• Karen Selk

In Search of Wild Silk - 2

Oh my, it seems like yesterday I wrote the last blog. That was four months ago! I introduced the title and subject matter of the book I am writing - In Search of Wild Silk - Revitalizing a Sustainable Cottage Industry. You hear writers say, "the book is taking on a life of its own". I never really knew what they meant. How could they not know exactly where they were going? Now I get it. I am writing non-fiction and still the book veered down a different path - a more interesting path. I have kept journals over the 30 plus years I have been traveling to India researching wild silk. Not only do they help me get all the facts straight, but I have stories from the people raising wild silkworms, the spinners and weavers. I kept accounts of adventures I encountered traveling in such an exotic land. I call these sections of the book - Journal Entries. I promised to tantalize you by posting some of the Journal Entries along the way.
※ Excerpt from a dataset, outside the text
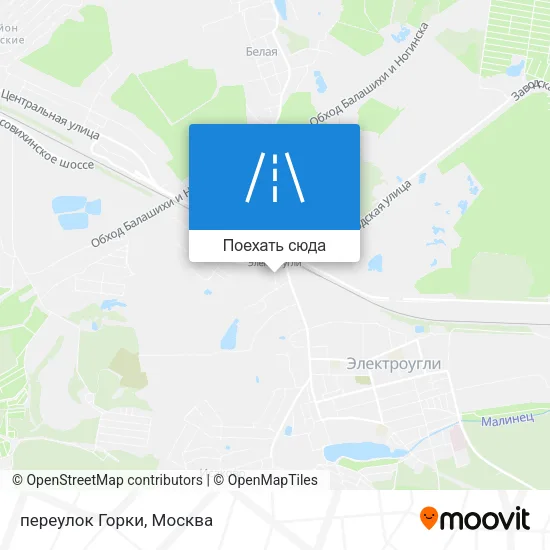 Карта переулок Горки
Malathi and Our Travel Arrangements

Our first bright-yellow-bottomed, black-canvas-covered three-wheel taxi transported us through Delhi to meet Malathi, our travel agent. We were country girls raised in orderly small towns and were therefore naïve, as Malathi would later enjoy informing us. We shared the road with horn-honking cars, scooters and goods carriers, decorated as if for a parade. Cows, elephants, dogs and people seemed to float through the chaos. Sidewalks burst with people performing things we certainly don’t do on the streets in North America. Men wearing only underpants washed themselves and brushed their teeth at pipe stands; snake charmers held baskets of cobras waving their heads in the air; ear cleaners displayed their tools of trade neatly lined up on tarps. Many sizes of new and used dentures rested on dirty blankets with a mirror set up for scrutiny. There were bursts of colour from racks where shopkeepers displayed saris, shoes and other goods. Barbers were cutting hair; chai wallas (merchants) with steaming pots served sweet, spicy tea; pakora vendors dropped battered veggies into splattering oil. A kaleidoscope of colour, mixed with a plethora of smells, good and bad, made our heads swim.




Journal Entry - October 1988

Tasar Forest, Odisha

It’s a hot October mid-afternoon. Our open jeep bumps deeper into the forest, red dust filling our nostrils and thickening our hair. Finally, we halt at a dome shaped hut made of date palm leaves. Brown cocoons, the size of plums, hang on a tree outside the hut, decorated with kum kum, the red powder used to make the mark of the third eye in between the eyebrows. Tribal rearers spend their nights here when out in the forest attending to the tasar caterpillars.

One by one, men appear out of the trees wearing only short cloths wrapped around their waists. There are seven of them - dark and lean with knotted muscles in their caIves and arms. These are bushmen who spend their days in the jungle. We stand momentarily, unabashedly taking in the oddity of each other. The rearers lead the way into the open timberland until we come to a tree filled with huge lime coloured silkworms. The youngest man picks up his sling shot and fires mud balls at predatory crows. Someone else begins to pick caterpillars off denuded branches and moves them to a tree with leaves. A necklace of large green caterpillars adorns the proud head man’s pink scarf. This is nothing like raising white, domestic silkworms - this is primal. It is a whole new perspective of the world of silk.